Why make hash rosin?

tstick

Well-Known Member
FIGHT! FIGHT! FIGHT!! :)

Hashish comes from the word "Hashishin"...which translates to "assassin" . That's what hash is all about -killing.

But seriously....Why make rosin from bubble hash? Well, I've pressed flower rosin many times and it almost always comes out really sticky and sappy -like honey. Hash rosin, by comparison, is much more waxy and has a more refined taste and consistency and is a pleasure to work with. The Afghan black hash from the 70s was unsurpassed for the heavy, dark flavor that no one has seen since. In my opinion, it's because that hash was made from old landrace Afghan marijuana and the old landrace strains were the most flavorful plants. People may argue they didn't have nearly the THC potency...and I wouldn't argue with them. But when it came to flavor, those old, lost strains had it and anything that was derived from those plants was just as flavorful.

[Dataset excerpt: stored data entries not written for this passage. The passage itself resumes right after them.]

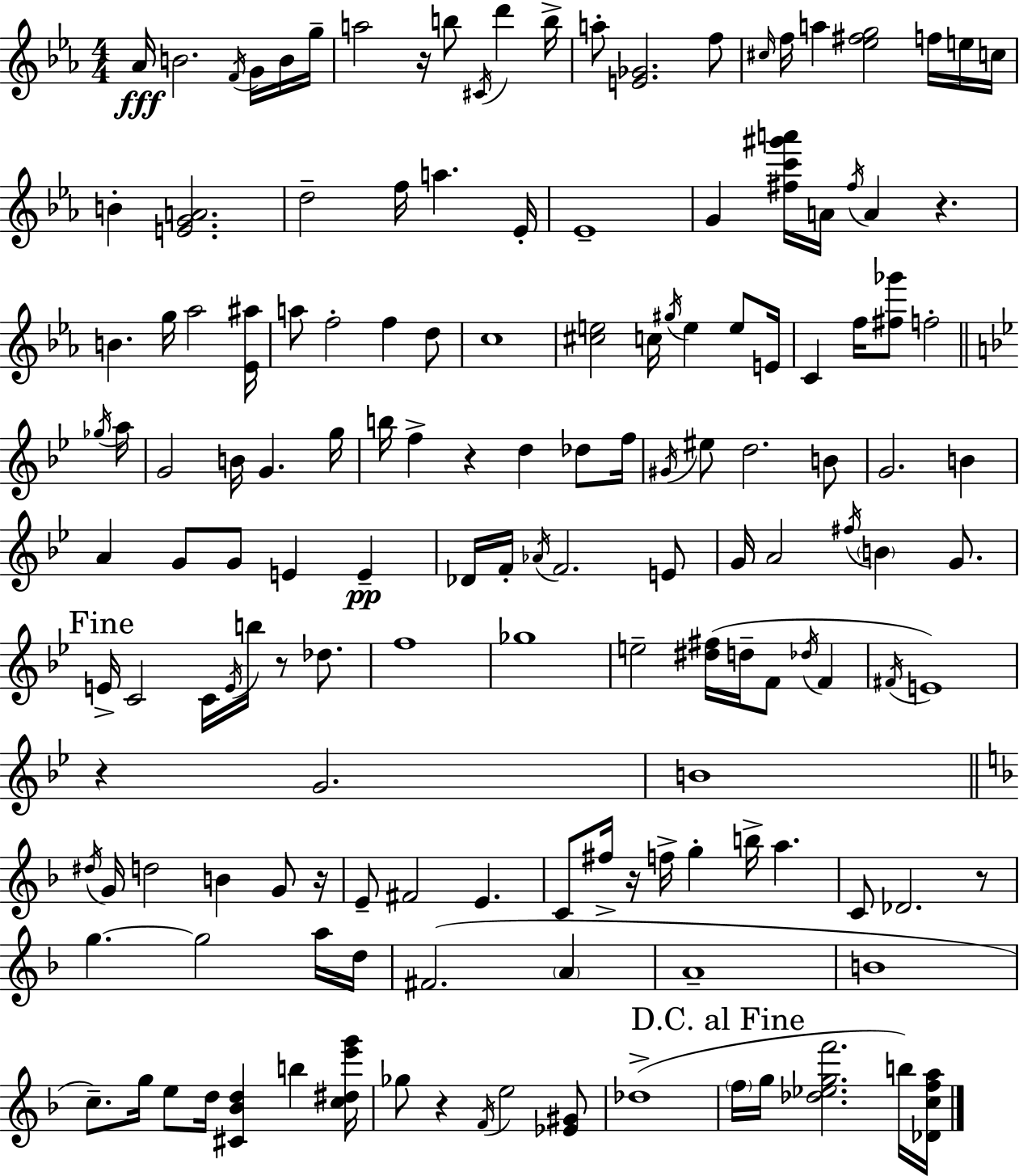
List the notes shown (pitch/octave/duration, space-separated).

Ab4/s B4/h. F4/s G4/s B4/s G5/s A5/h R/s B5/e C#4/s D6/q B5/s A5/e [E4,Gb4]/h. F5/e C#5/s F5/s A5/q [Eb5,F#5,G5]/h F5/s E5/s C5/s B4/q [E4,G4,A4]/h. D5/h F5/s A5/q. Eb4/s Eb4/w G4/q [F#5,C6,G#6,A6]/s A4/s F#5/s A4/q R/q. B4/q. G5/s Ab5/h [Eb4,A#5]/s A5/e F5/h F5/q D5/e C5/w [C#5,E5]/h C5/s G#5/s E5/q E5/e E4/s C4/q F5/s [F#5,Gb6]/e F5/h Gb5/s A5/s G4/h B4/s G4/q. G5/s B5/s F5/q R/q D5/q Db5/e F5/s G#4/s EIS5/e D5/h. B4/e G4/h. B4/q A4/q G4/e G4/e E4/q E4/q Db4/s F4/s Ab4/s F4/h. E4/e G4/s A4/h F#5/s B4/q G4/e. E4/s C4/h C4/s E4/s B5/s R/e Db5/e. F5/w Gb5/w E5/h [D#5,F#5]/s D5/s F4/e Db5/s F4/q F#4/s E4/w R/q G4/h. B4/w D#5/s G4/s D5/h B4/q G4/e R/s E4/e F#4/h E4/q. C4/e F#5/s R/s F5/s G5/q B5/s A5/q. C4/e Db4/h. R/e G5/q. G5/h A5/s D5/s F#4/h. A4/q A4/w B4/w C5/e. G5/s E5/e D5/s [C#4,Bb4,D5]/q B5/q [C5,D#5,E6,G6]/s Gb5/e R/q F4/s E5/h [Eb4,G#4]/e Db5/w F5/s G5/s [Db5,Eb5,G5,F6]/h. B5/s [Db4,C5,F5,A5]/s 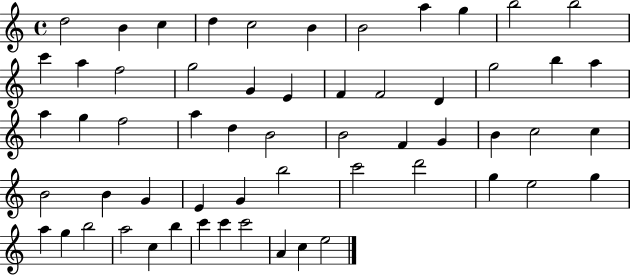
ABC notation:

X:1
T:Untitled
M:4/4
L:1/4
K:C
d2 B c d c2 B B2 a g b2 b2 c' a f2 g2 G E F F2 D g2 b a a g f2 a d B2 B2 F G B c2 c B2 B G E G b2 c'2 d'2 g e2 g a g b2 a2 c b c' c' c'2 A c e2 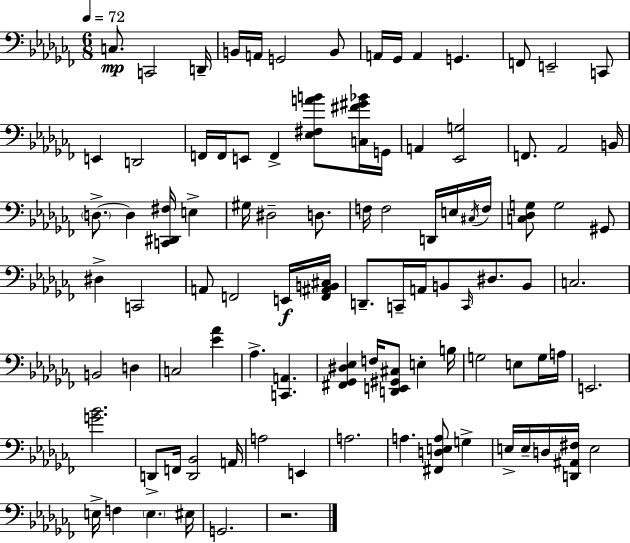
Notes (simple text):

C3/e. C2/h D2/s B2/s A2/s G2/h B2/e A2/s Gb2/s A2/q G2/q. F2/e E2/h C2/e E2/q D2/h F2/s F2/s E2/e F2/q [Eb3,F#3,A4,B4]/e [C3,F#4,G#4,Bb4]/s G2/s A2/q [Eb2,G3]/h F2/e. Ab2/h B2/s D3/e. D3/q [C2,D#2,F#3]/s E3/q G#3/s D#3/h D3/e. F3/s F3/h D2/s E3/s C#3/s F3/s [C3,Db3,G3]/e G3/h G#2/e D#3/q C2/h A2/e F2/h E2/s [F2,A#2,B2,C#3]/s D2/e. C2/s A2/s B2/e C2/s D#3/e. B2/e C3/h. B2/h D3/q C3/h [Eb4,Ab4]/q Ab3/q. [C2,A2]/q. [F#2,Gb2,D#3,Eb3]/q F3/s [D2,E2,G#2,C#3]/e E3/q B3/s G3/h E3/e G3/s A3/s E2/h. [G4,Bb4]/h. D2/e F2/s [D2,Bb2]/h A2/s A3/h E2/q A3/h. A3/q. [F#2,D3,E3,A3]/e G3/q E3/s E3/s D3/s [D2,A#2,F#3]/s E3/h E3/s F3/q E3/q. EIS3/s G2/h. R/h. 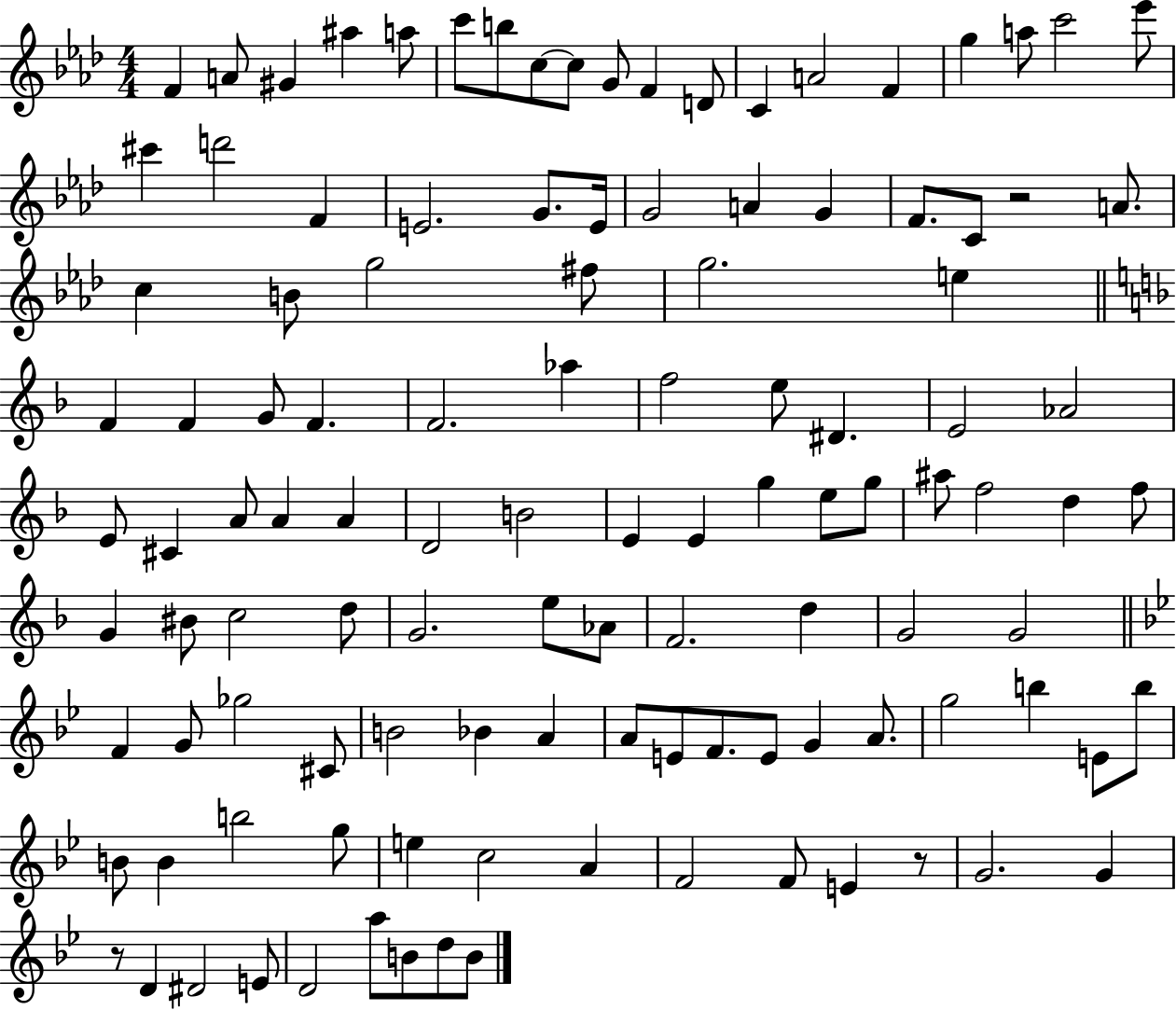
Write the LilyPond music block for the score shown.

{
  \clef treble
  \numericTimeSignature
  \time 4/4
  \key aes \major
  f'4 a'8 gis'4 ais''4 a''8 | c'''8 b''8 c''8~~ c''8 g'8 f'4 d'8 | c'4 a'2 f'4 | g''4 a''8 c'''2 ees'''8 | \break cis'''4 d'''2 f'4 | e'2. g'8. e'16 | g'2 a'4 g'4 | f'8. c'8 r2 a'8. | \break c''4 b'8 g''2 fis''8 | g''2. e''4 | \bar "||" \break \key f \major f'4 f'4 g'8 f'4. | f'2. aes''4 | f''2 e''8 dis'4. | e'2 aes'2 | \break e'8 cis'4 a'8 a'4 a'4 | d'2 b'2 | e'4 e'4 g''4 e''8 g''8 | ais''8 f''2 d''4 f''8 | \break g'4 bis'8 c''2 d''8 | g'2. e''8 aes'8 | f'2. d''4 | g'2 g'2 | \break \bar "||" \break \key bes \major f'4 g'8 ges''2 cis'8 | b'2 bes'4 a'4 | a'8 e'8 f'8. e'8 g'4 a'8. | g''2 b''4 e'8 b''8 | \break b'8 b'4 b''2 g''8 | e''4 c''2 a'4 | f'2 f'8 e'4 r8 | g'2. g'4 | \break r8 d'4 dis'2 e'8 | d'2 a''8 b'8 d''8 b'8 | \bar "|."
} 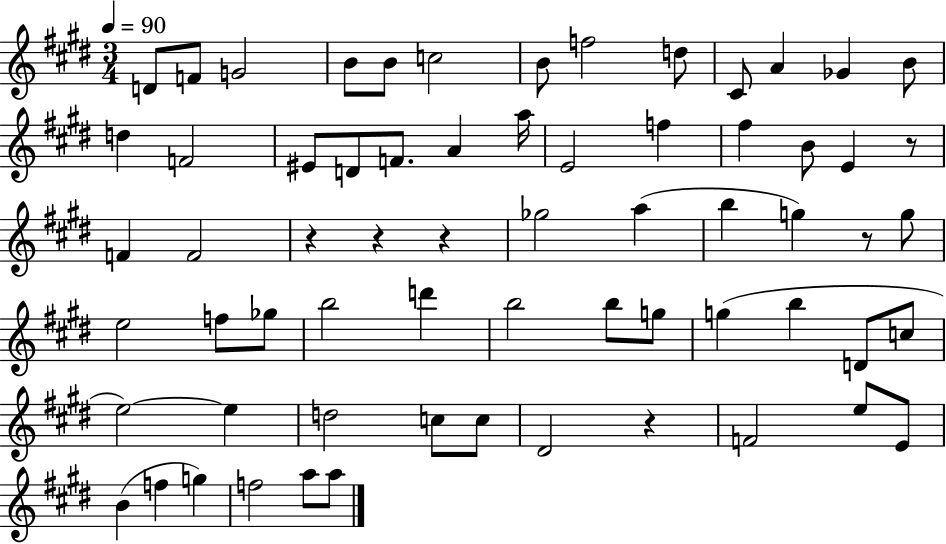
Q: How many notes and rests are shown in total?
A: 65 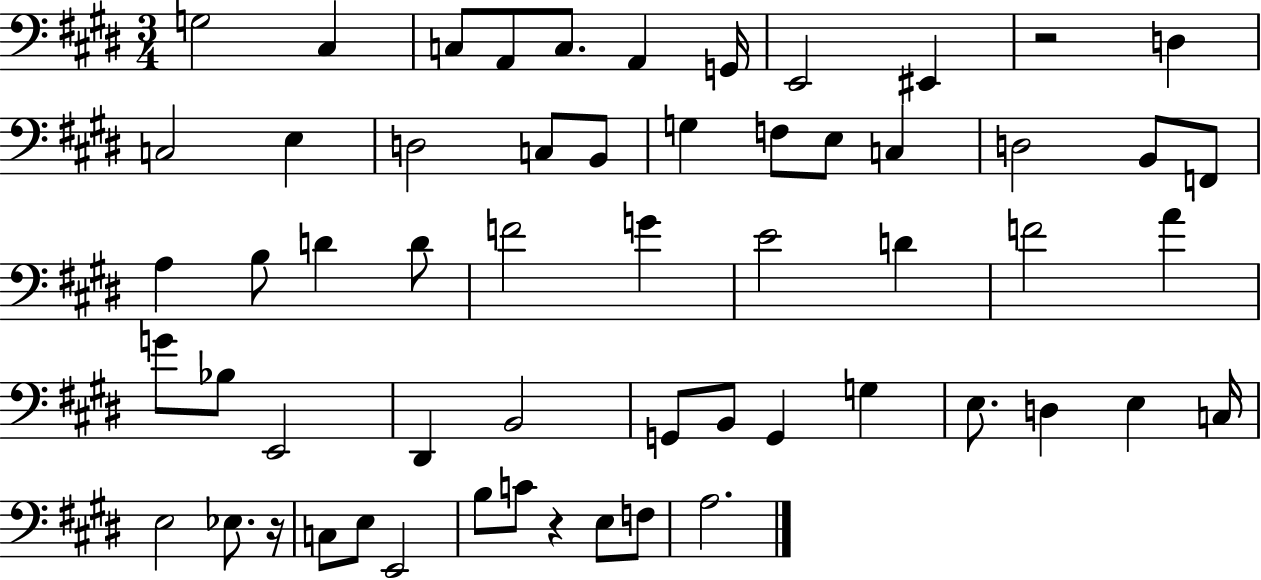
X:1
T:Untitled
M:3/4
L:1/4
K:E
G,2 ^C, C,/2 A,,/2 C,/2 A,, G,,/4 E,,2 ^E,, z2 D, C,2 E, D,2 C,/2 B,,/2 G, F,/2 E,/2 C, D,2 B,,/2 F,,/2 A, B,/2 D D/2 F2 G E2 D F2 A G/2 _B,/2 E,,2 ^D,, B,,2 G,,/2 B,,/2 G,, G, E,/2 D, E, C,/4 E,2 _E,/2 z/4 C,/2 E,/2 E,,2 B,/2 C/2 z E,/2 F,/2 A,2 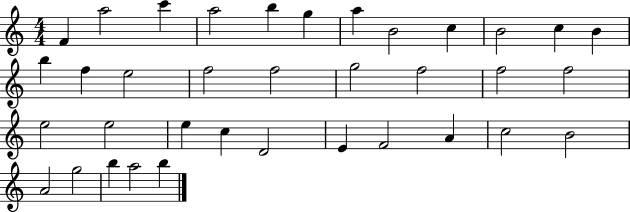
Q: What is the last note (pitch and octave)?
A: B5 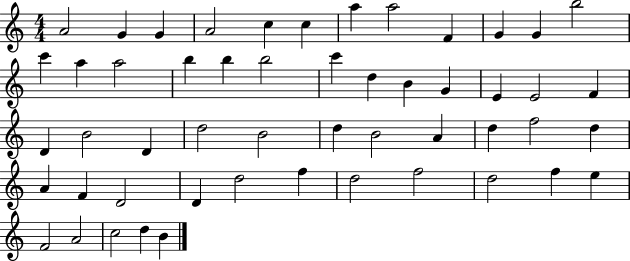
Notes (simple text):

A4/h G4/q G4/q A4/h C5/q C5/q A5/q A5/h F4/q G4/q G4/q B5/h C6/q A5/q A5/h B5/q B5/q B5/h C6/q D5/q B4/q G4/q E4/q E4/h F4/q D4/q B4/h D4/q D5/h B4/h D5/q B4/h A4/q D5/q F5/h D5/q A4/q F4/q D4/h D4/q D5/h F5/q D5/h F5/h D5/h F5/q E5/q F4/h A4/h C5/h D5/q B4/q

Dabbing is a relatively new thing and I enjoy it on another level. About the closest thing we used to get dabbing was heating up a couple table knives on the stove and then pressing a ball of that black hash between them and sucking the resulting vapor(?) or smoke up through a funnel or a straw. We also did "hash under glass" -where you lit up a ball of hash on the end of a pin and then put a jar over the top until the jar filled up....aahhh memories!
 

Cynister

Well-Known Member
1969, junior in high school, in the bac
Sounds like something I remember, called "Lebanese blonde" I believe.
1969, high school junior in the back seat of a '64 Plymouth Fury, first time smoking anything. And, it was blond Lebanese, I remember it so well.
 

Cynister

Well-Known Member
Hot knifing at the kitchen stove, pin under glass, mixed with tobacco in a cone smoked through your knuckles; it all comes back. I remember some dark, almost black hash from Turkey that was pressed with opium. Exported hash was very good, but the best rarely left the home territory where it was made. Much like cheese in Parma, Italy where the very best never leaves the region and the lower quality gets exported. This is not to say exported is a bad thing, it can be pretty awesome. I'm not knocking or promoting any particular method of hash making, I'm a fan of them all, just some more than others.
 

Grow Monster

Well-Known Member
Just started dabbing myself and its awesome. Wife doesn't smoke so its perfect cus its almost odorless and she hates the smell of weed and smoke. Just started making hash also. My hash was so gd I didn't wanna press it to rosin. So one thing I must say is fire in fire out. If u use top grade bud for either extraction it will be just as great if not better then it started off. I will be pressing hash in the near future to see how I like it. Having multiple ways to get to the high u desire is the true stoner way. :bigjoint: :bigjoint:
 

lusidghost

Well-Known Member
Possibly. Everybody's the same size on the ground though, little man. Im sure all those big tendons you have are just as fragile as your ego.
This is the problem with watching UFC enough to think you understand basic techniques. If you are small you are going to get slammed into oblivion. What are you going to do, roll in and pick an ankle? Unless you're a very high level BJJ practitioner, which would level the playing field a little bit, you are doomed. Also a big dude vs a little dude on the ground is murder unless you can manage to lock in a rare naked choke and turn out his lights before he peels you off and removes your consciousness through blunt force trauma.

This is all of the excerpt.